Don’t think about I’m mentioning growing physical. Yes, we want to see more children in the congregations, definitely, but this was a physical nation. The more they were afflicted, the more they grew. For us, Brethren, that example is, sometimes God wants us to be afflicted. Why? Because he wants his word to go from paper to people. He wants it to be in you. He wants it to be part of you. He wants it to be who you are, and then He will test it.
And when you are in affliction, He says you will grow by it. You will get stronger. You will grow more faith. You will grow more love. You will grow more outgoing concern. You will have more courage. All the things that you thought about that you built, the things we don’t just look at the areas where we fell short during these days, but also the character that we did build, He’s going to make those even more, Brethren, but sometimes it is through tests and trials that that happens.
Go to First Peter one and verse seven. Just an example of that. Just speaking about one, fruits of the spirit, but you can basically put in all of them there, Brethren, and ask that… get the same answer. First Peter one verse seven that says... Let’s pick up in verse six just for a little bit of context. “Wherein you greatly rejoice, though now for a season, if need be, you are in heaviness through manifold temptations that the trial of your faith...” you can put in the trial of your love, the trial of your peace, “being much more precious than of gold that perishes, though it be tried with fire, might be found unto praise and honor and glory unto the appearing of Jesus Christ.”
I want you to be encouraged, Brethren. It might have been a difficult time that we through, but God’s purpose was the purpose that he had from the beginning is to build his character within us, to build his word, his truth, his way of life in us, and we have done it. We’ll look at two final verses here. Just go to Psalm fifty-one. The final shorter point, Brethren, just look for the great byproduct of joy. Look for when we go through and we continue to remain deleavened, look for that great byproduct of joy.
Psalm fifty-one and we will read verse twelve. Again a psalm. A lot of the points that we covered today and things that we talked about is covered in the psalm, but here David said, “Restore unto me the joy of your salvation and uphold me with your free spirit.” Restore the joy. The joy within us. Brethren, it’s also a fruit of God’s spirit, but as we went through these days, building that, going through that process within us and continue to remain deleavened, look for that byproduct of joy, knowing that God is busy doing and building, taking His word from just paper to you, and that joy is a byproduct that you can hold onto a result, so to speak. Brethren, lastly, never forget our inheritance. Let’s go to a final verse here in Acts chapter... or let’s go to Peter. Let’s go to Peter. Tie in here First Peter chapter one and verse three and verse four. We’ve been here before in First Peter. First Peter chapter one and verse three.
“Blessed be the God and Father of our Lord Jesus Christ, which according to his abundant mercy has begotten us again unto a lively hope...” that hope that should be in us.
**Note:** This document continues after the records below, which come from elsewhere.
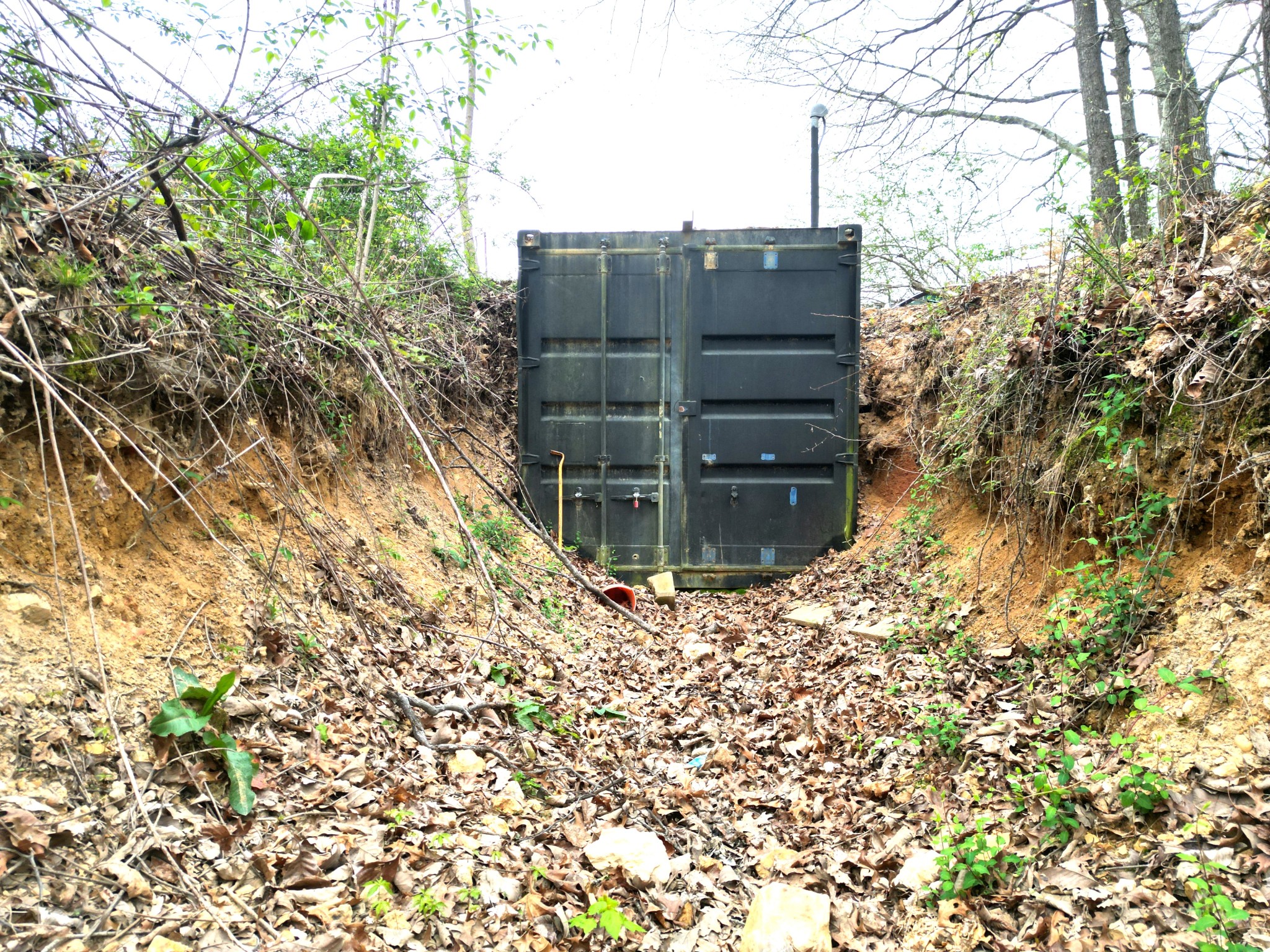 150 Deerwood Road Hohenwald, TN 38462 - Photo 50 of 56 a view of a wooden door and covered with tall trees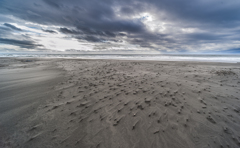 風が記憶したもの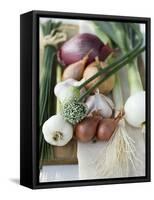 Onions, Chives and Garlic Chives-null-Framed Stretched Canvas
Never forget your inheritance “by the resurrection of Jesus Christ from the dead to an inheritance incorruptible and undefiled, and that faith is not a way reserved in heaven for us.” That inheritance that we will receive, Brethren, will help us not just to remain deleavened, but ultimately, to continue this process that we heard about today of the simple theme that God is busy, Brethren, to take us take His word from paper to people. Brethren, as these days end, let’s strive, every one of us with our whole heart, to remain deleavened.